-- Work order --
Search the records for lines that contain the word "blogs". Copy them all.

-- Dataset content --
------------------------------------
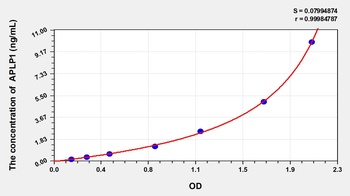 Mouse Amyloid Beta Precursor Like Protein 1 (APLP1) ELISA Kit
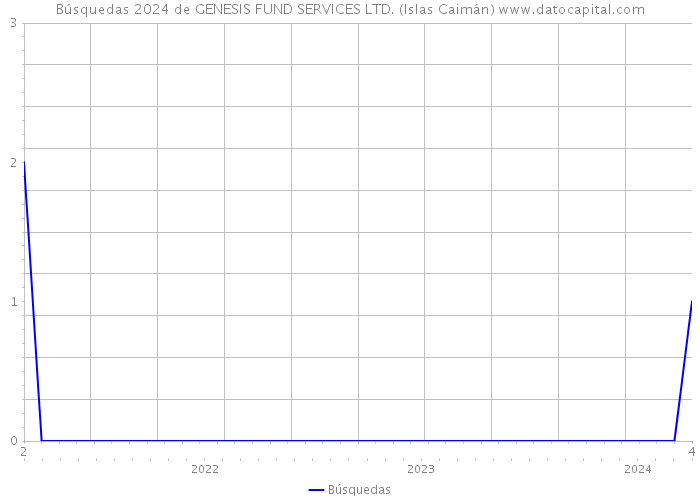 Búsquedas 2024 de GENESIS FUND SERVICES LTD. (Islas Caimán) 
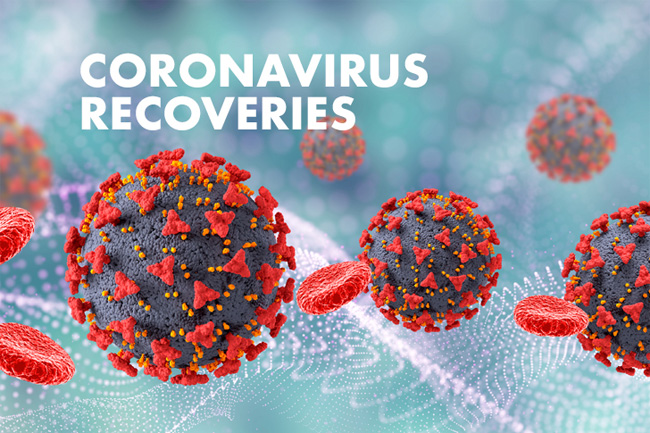Coronavirus: 168 more patients regain health
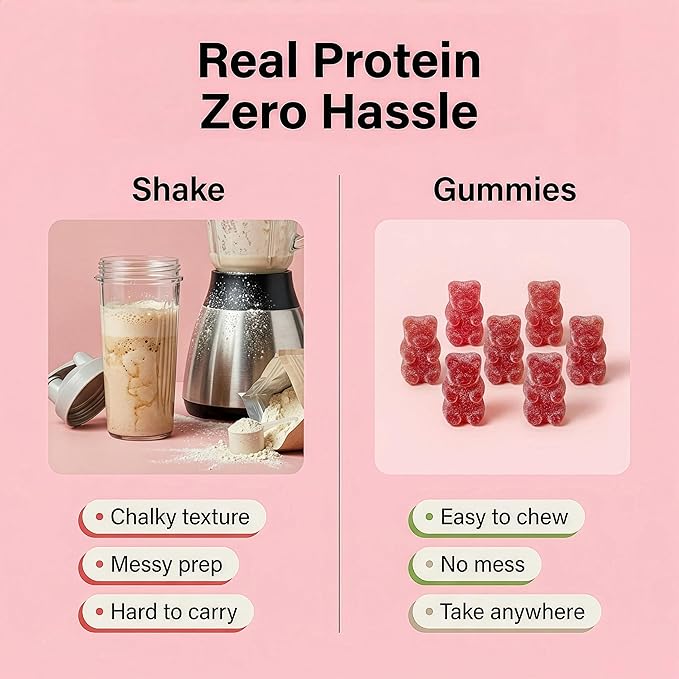 Whey Protein Gummies - Mixed Berry Flavour 12g High Protein per Serving - Protein Powder Alternative No Added Sugar Vegetarian Convenient Whey Protein Supplement Muscle Recovery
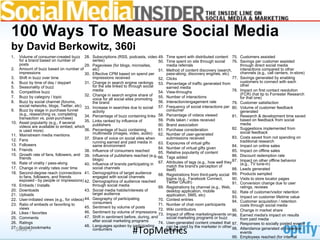 100 Ways To Measure Social Media
by David Berkowitz, 360i
1.     Volume of consumer-created buzz 28.            Subscriptions (RSS, podcasts, video 49.       Time spent with distributed content 75.      Customers assisted
       for a brand based on number of                 series)                                50.    Time spent on site through social       76.  Savings per customer assisted
       posts                                   29.    Pageviews (for blogs, microsites,             media referrals                              through direct social media
2.     Amount of buzz based on number of              etc)                                   51.    Method of content discovery (search,         interactions compared to other
       impressions                             30.    Effective CPM based on spend per              pass-along, discovery engines, etc)          channels (e.g., call centers, in-store)
3.     Shift in buzz over time                        impressions received                   52.    Clicks                                  77.  Savings generated by enabling
4.     Buzz by time of day / daypart           31.    Change in search engine rankings 53.          Percentage of traffic generated from         customers to connect with each
5.     Seasonality of buzz                            for the site linked to through social                                                      other
                                                                                                    earned media
6.     Competitive buzz                               media                                  54.    View-throughs                           78.  Impact on first contact resolution
                                               32.    Change in search engine share of 55.                                                       (FCR) (hat tip to Forrester Research
7.     Buzz by category / topic                                                                     Number of interactions                       for that one)
                                                      voice for all social sites promoting
8.     Buzz by social channel (forums,                the brand                              56.    Interaction/engagement rate             79.  Customer satisfaction
       social networks, blogs, Twitter, etc) 33.      Increase in searches due to social 57.        Frequency of social interactions per 80.     Volume of customer feedback
9.     Buzz by stage in purchase funnel               activity                                      consumer                                     generated
       (e.g., researching vs. completing       34.    Percentage of buzz containing links 58.       Percentage of videos viewed             81.  Research & development time saved
       transaction vs. post-purchase)                                                        59.    Polls taken / votes received                 based on feedback from social
10.    Asset popularity (e.g., if several      35.    Links ranked by influence of
                                                      publishers                             60.    Brand association                            media
       videos are available to embed, which                                                                                                 82.  Suggestions implemented from
       is used more)                           36.    Percentage of buzz containing          61.    Purchase consideration
                                                      multimedia (images, video, audio) 62.         Number of user-generated                     social feedback
11.    Mainstream media mentions
                                               37.    Share of voice on social sites when           submissions received                    83.  Costs saved from not spending on
12.    Fans                                                                                                                                      traditional research
                                                      running earned and paid media in       63.    Exposures of virtual gifts
13.    Followers                                      same environment                                                                      84.  Impact on online sales
14.    Friends                                                                               64.    Number of virtual gifts given
                                               38.    Influence of consumers reached         65.    Relative popularity of content          85.  Impact on offline sales
15.    Growth rate of fans, followers, and 39.        Influence of publishers reached (e.g.,66.                                             86.  Discount redemption rate
       friends                                                                                      Tags added
                                                      blogs)
16.    Rate of virality / pass-along           40.    Influence of brands participating in 67.      Attributes of tags (e.g., how well they 87.  Impact on other offline behavior
                                                                                                                                                 (e.g., TV tune-in)
17.    Change in virality rates over time             social channels                               match the brand's perception of
                                                                                                    itself)                                 88.  Leads generated
18.    Second-degree reach (connections 41.           Demographics of target audience        68.    Registrations from third-party social 89.    Products sampled
       to fans, followers, and friends                engaged with social channels                  logins (e.g., Facebook Connect,         90.  Visits to store locator pages
       exposed - by people or impressions) 42.        Demographics of audience reached              Twitter OAuth)                          91.  Conversion change due to user
19.    Embeds / Installs                              through social media                   69.    Registrations by channel (e.g., Web,         ratings, reviews
20.    Downloads                               43.    Social media habits/interests of              desktop application, mobile             92.  Rate of customer/visitor retention
21.    Uploads                                        target audience                               application, SMS, etc)                  93.  Impact on customer lifetime value
22.    User-initiated views (e.g., for videos) 44.    Geography of participating             70.    Contest entries                         94.  Customer acquisition / retention
23.    Ratio of embeds or favoriting to               consumers                              71.    Number of chat room participants
                                               45.    Sentiment by volume of posts                                                               costs through social media
       views                                                                                 72.    Wiki contributors                       95.  Change in market share
24.    Likes / favorites                       46.    Sentiment by volume of impressions
                                                                                             73.    Impact of offline marketing/events on 96.    Earned media's impact on results
25.    Comments                                47.    Shift in sentiment before, during, and        social marketing programs or buzz
                                                      after social marketing programs                                                            from paid media
26.    Ratings                                                                               74.    User-generated content created that 97.      Responses to socially posted events

                                                                             #TopMetrics	
  
27.    Social bookmarks                        48.    Languages spoken by participating             can be used by the marketer in other 98. 
      Slide 5                                         consumers                                     channels                                     Attendance generated at in-person
                                                                                                                                                 events
                                                                                                                                            99.  Employees reached (for internal
 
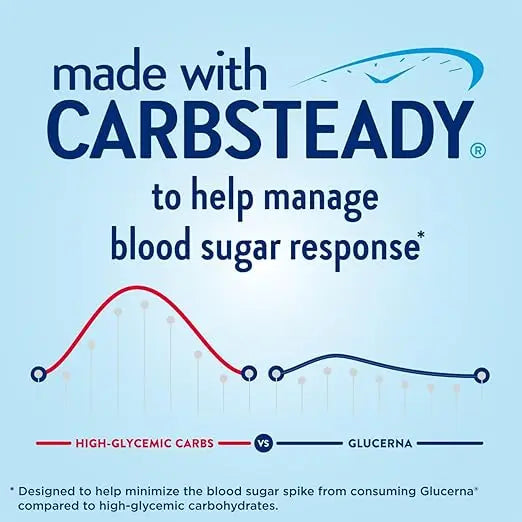 Glucerna Original Diabetes Care Shake, Rich Chocolate, Diabetic Meal Replacement to Support Blood Sugar Management, 10g Protein, 180 Calories, Ready to Drink, 8-fl-oz Bottle, 24 Pack Retailxpres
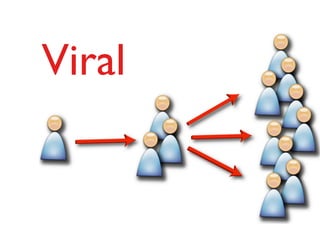 Viral
 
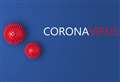 Latest Coronavirus figures for NHS Highland area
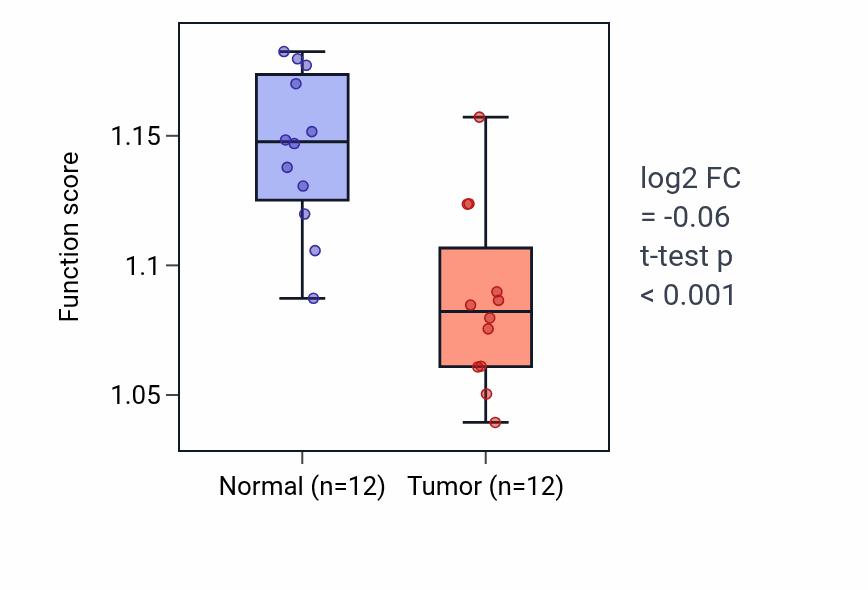 Tumor-vs-normal pathway-activity box plot for Actin filament network formation in KIRC.
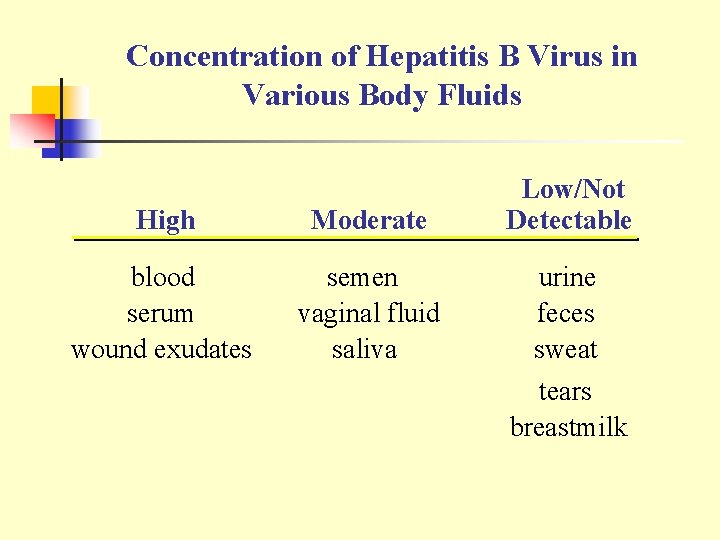 Concentration of Hepatitis B Virus in Various Body Fluids High Moderate blood serum wound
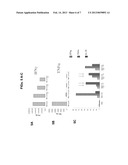 ADHERENT STROMAL CELLS DERIVED FROM PLANCENTAS OF MULTIPLE DONORS AND USES     THEREOF diagram and image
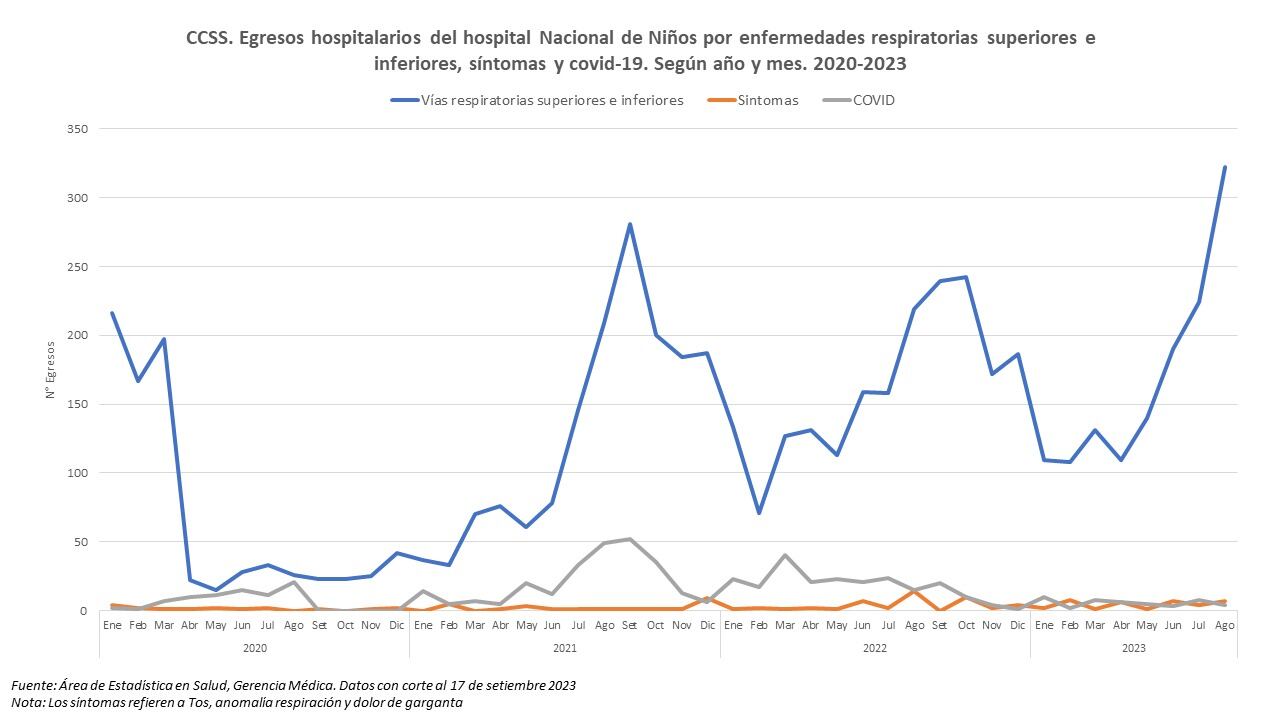 Pico virus respiratorios. Setiembre 2023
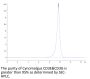 Cynomolgus CD3E&CD3G/CD3 epsilon&CD3 gamma Protein (CD3-CM102)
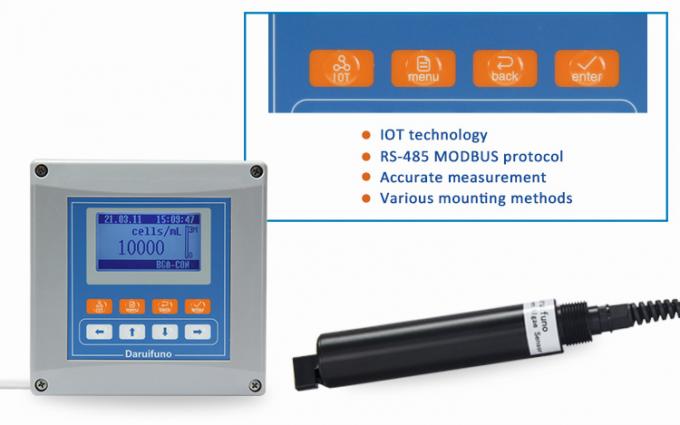 Blue-Green Algae Tester,Cyanobacteria Tester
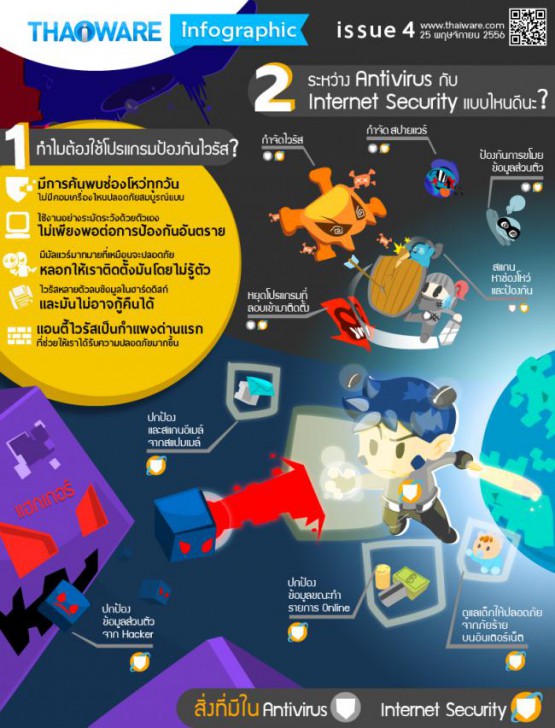 Infographic ทำไมถึงต้องใช้โปรแกรมป้องกันไวรัส ? และความแตกต่างระหว่าง Antivirus กับ Internet Security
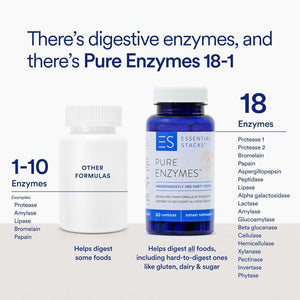 Essential Stacks Pure Digestive Enzymes Incl. Amylase, Lipase & Lactase - (60 Capsules)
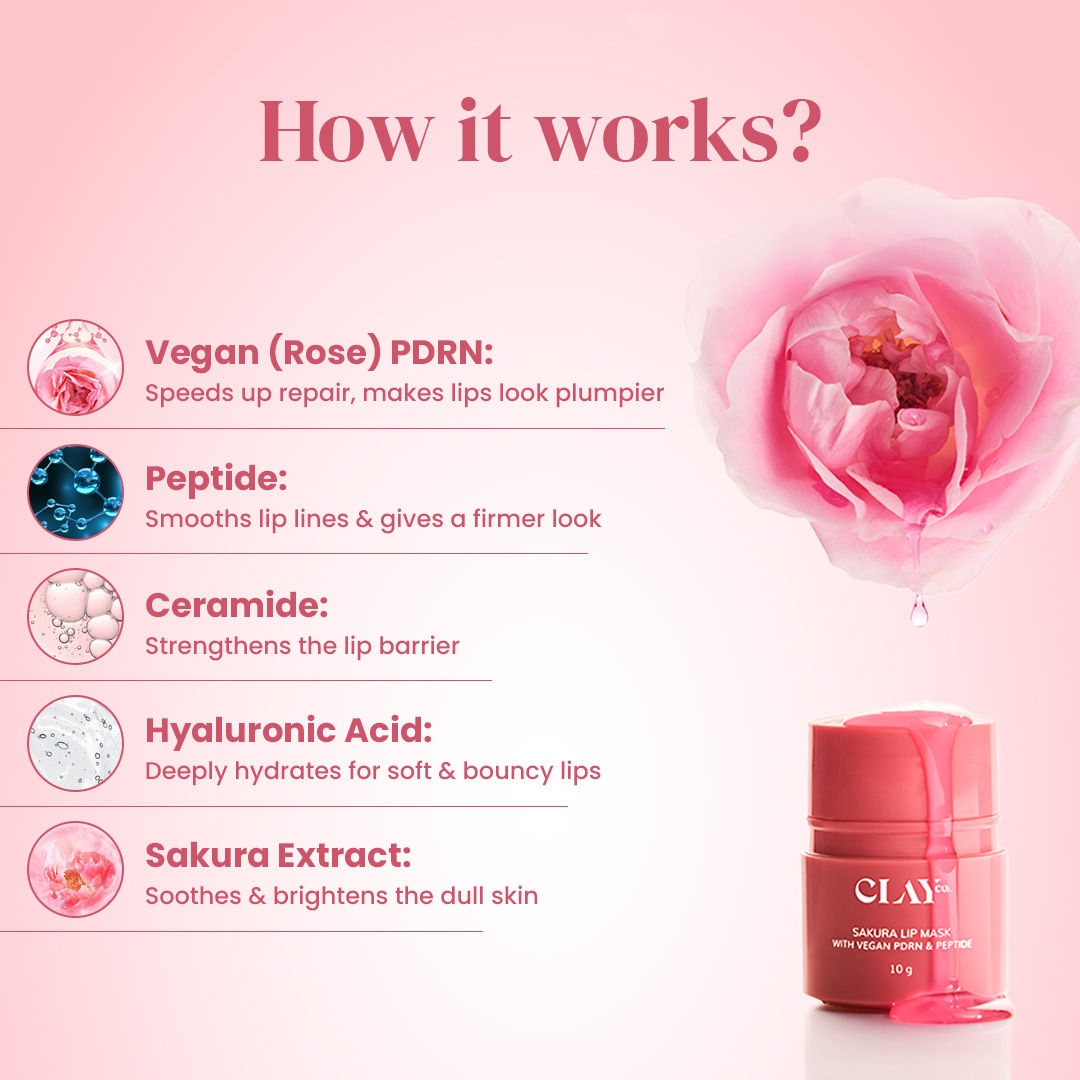 Sakura Lip Mask With PDRN & Peptide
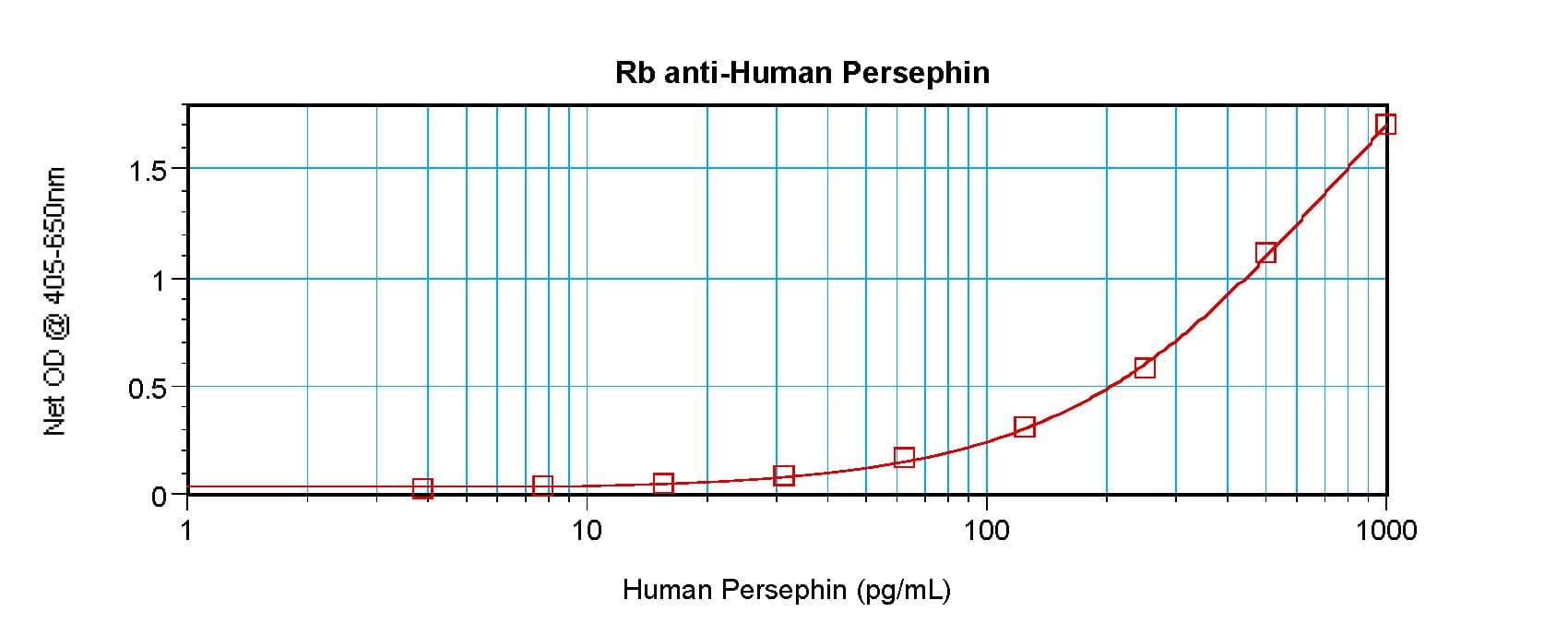 PSPN / Persephin Antibody (Biotin)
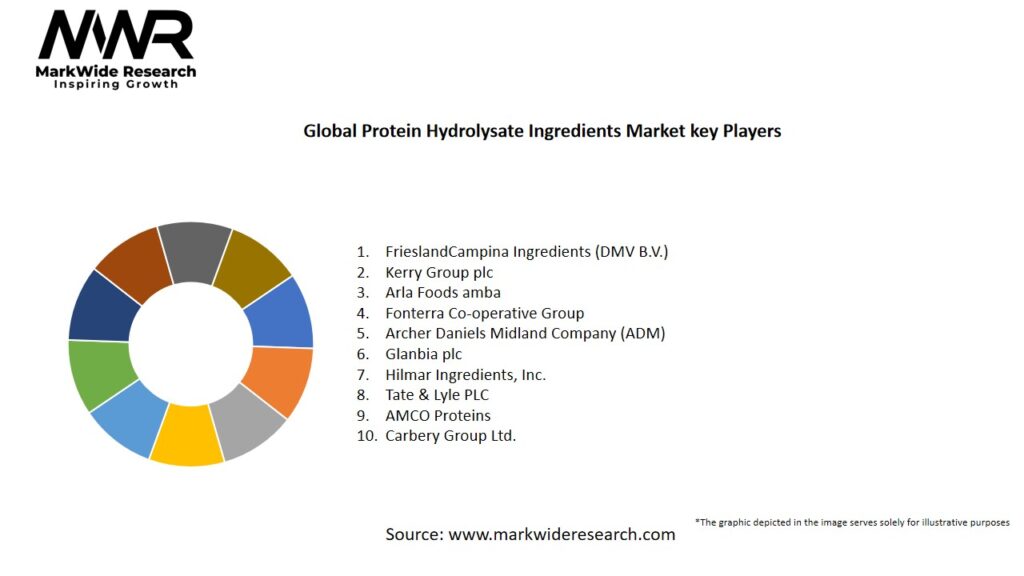 Global Protein Hydrolysate Ingredients Market
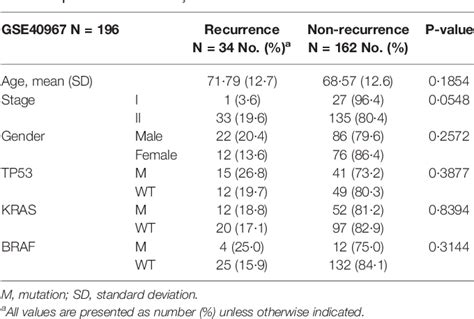 Table 2 From Development Of A Gene Based Prediction Model For Recurrence Of Colorectal Cancer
------------------------------------
-- Result for this task --
       posts                                   29.    Pageviews (for blogs, microsites,             media referrals                              through direct social media
       social networks, blogs, Twitter, etc) 33.      Increase in searches due to social 57.        Frequency of social interactions per 80.     Volume of customer feedback
                                                      blogs)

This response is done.